Mobile Medical Computing Reviews > Using personal digital assistants and patient care algorithms to improve access to cardiac care best practices

Using personal digital assistants and patient care algorithms to improve access to cardiac care best practices

This study is an evaluation of a decision support tool (DST) on a personal digital assistant (PDA) for cardiac tele-triage/tele-consultation for the assessment of chest pain.  The study focused on a pilot clinical trial conducted at a quaternary cardiac care hospital over 3 months. In that period, the DST was used by nine nursing coordinators who provided tele-triage/tele-consultation to patients who called by phone with complaints of chest pain. Although limited in sample size (61 chest pain calls), this pilot trial validated the DST's design and demonstrated the tool's usefulness for advanced cardiac care nurses, its potential for use by nurses less experienced in cardiac care, and its potential for use in interdisciplinary team environments.  However, the study's findings should be assessed further in a larger clinical trial.  

Using personal digital assistants and patient care algorithms to improve access to cardiac care best practices

Momtahan KL, Burns CM, Sherrard H, Mesana T, Labinaz M. Stud Health Technol Inform. 2007;129(Pt 1):117-21.

Reviewed by Alfonso J. Rodriguez-Morales, MD, MSc

Research design/methodology

TYPE: Non-Randomized, non-comparative pilot trial

VALIDITY: This pilot study has a limited design. Unfortunately, the paper did not report the demographic characteristics of the subjects. Furthermore, there is no control or comparative group for measuring observed differences.

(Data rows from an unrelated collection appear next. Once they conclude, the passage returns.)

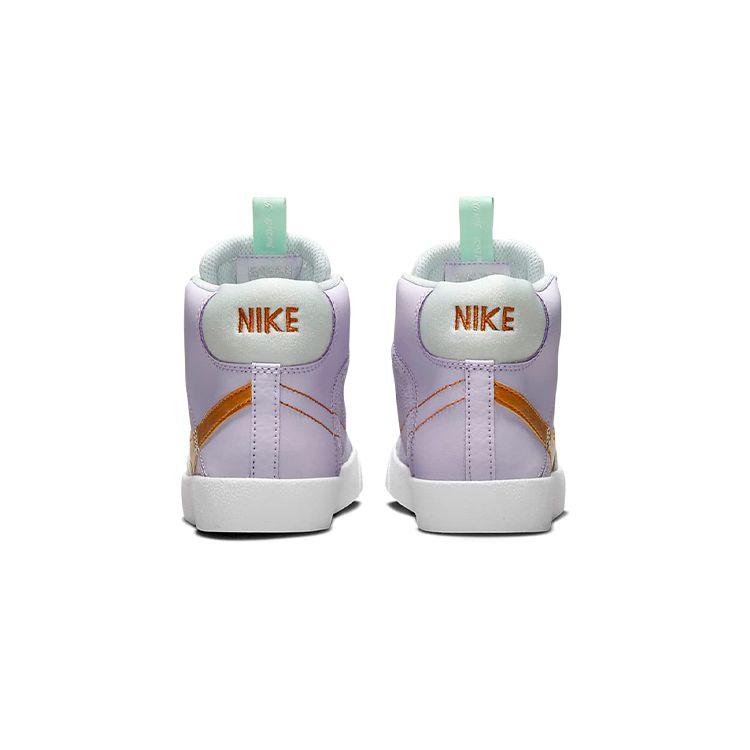 Nike Кроссовки Blazer D из кожи с круглым носком на шнуровке, амортизирующие, прочные, средней высоты, детские кроссовки фиолетового цвета DQ6085-500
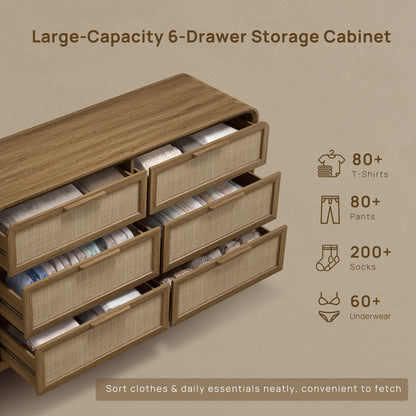 Woven 6-Drawer Dresser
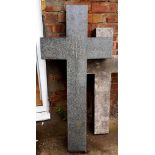 Heavy Grey / Black Marble Cross with HIS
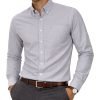 Mens English Oxford Shirt Button Down. Casual Office Work Weekender by Janeo British Apparel. Cool Grey - Thumbnail Image 4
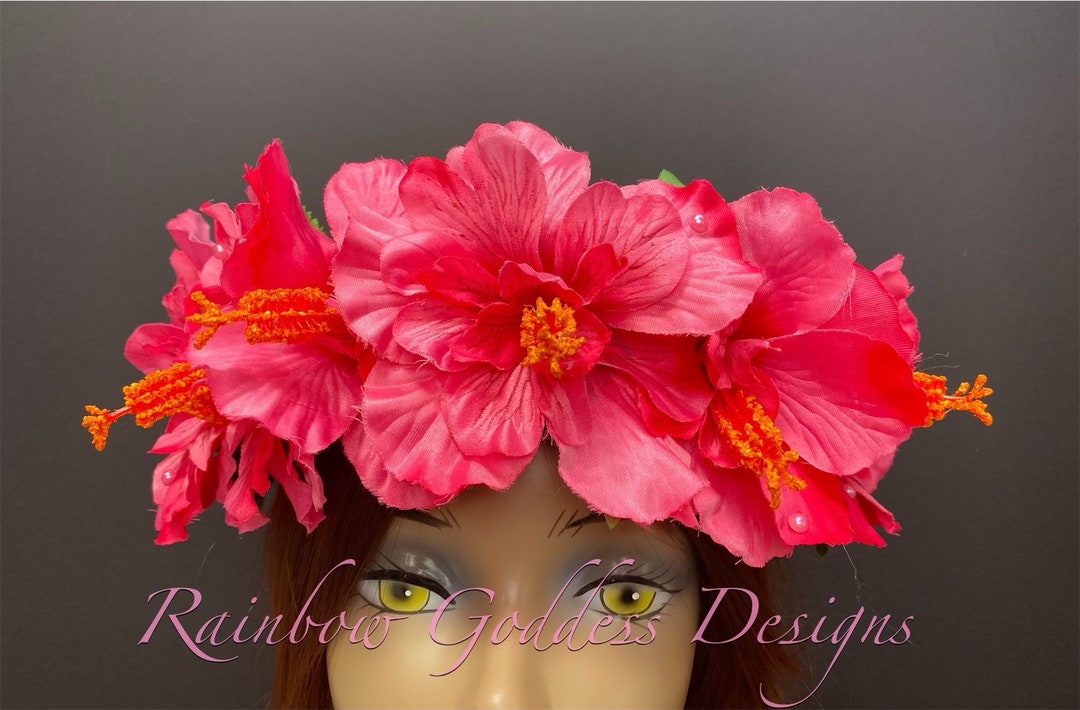 Pink Hibiscus Flower Crown, Tropical Headdress, Hawaiian Flower Crown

ENVIRONMENT: A quaternary cardiac care hospital serving a post-treated population and attended by phone call.

Research question

Can a decision support tool (DST) on a personal digital assistant (PDA) for cardiac tele-triage/tele-consultation guide nurses in the assessment of chest pain in patients attended by phone call?

Patient/Problem/Population definition

PATIENT: Adult cardiac and cardiac surgical patient (age was not described nor the timeline of the cardiac condition)

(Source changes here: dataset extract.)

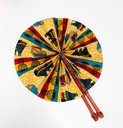 fan orange-red-teal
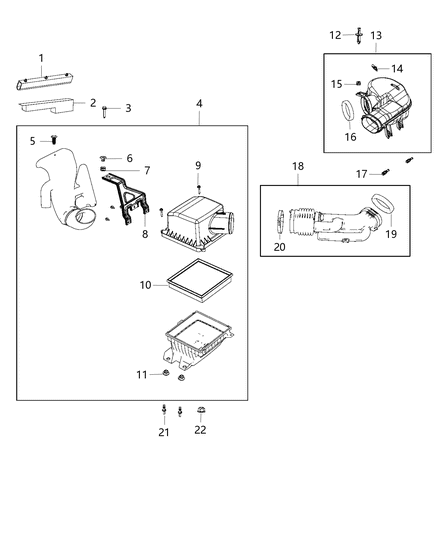 Air Cleaner Diagram for 68045121AC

PROBLEM: Assessment of chest pain for triage diagnosis.  Nurse assistance for the improvement of clinical diagnosis of initial chest pain.

POPULATION: Adult cardiac and cardiac surgical patients

Intervention

Assessment of chest pain diagnosis with the assistance of a DST (based on diagnostic algorithms) on PDAs (Palm Tungsten T3) for nurses during phone call consultations . The algorithms were reviewed and approved by the cardiac surgeon and cardiologist on the research team.

Comparison

No group was used for comparison. Furthermore, there was no assessment of the potential differences with the reported 25% of the phone calls where the nurses did not use the DST on PDA diagnostic approach.

Outcome

Over a 3-month period, participating nurses attended 61 chest pain calls, 75% of them were documented with the DST on PDA. The advice provided to the patient by the nurse was considered appropriate by the patient’s physician in 97% of the calls (this percentage was calculated with the total number of phone calls; it was not stated whether there were differences according to whether the DST on PDA was used or not); 92% of the patients reported satisfaction with the advice they received.

Application of results to patient care

DST on PDA may be a useful tool for improving the assessment of chest pain in cardiac patients, reducing the time for triage diagnosis and improving the clinical skills of the attending nurse.

Further areas for research

  • Plan for larger trials, improve the research design, include a control group, include an appropriate statistical analysis and compare different DST designs.
  • Assess the difference with other DSTs such as printed clinical guidelines and laptop and desktop diagnostic software.
  • Test the applicability of these results in other clinical settings as well as in other cardiac patients including primary cardiac patients.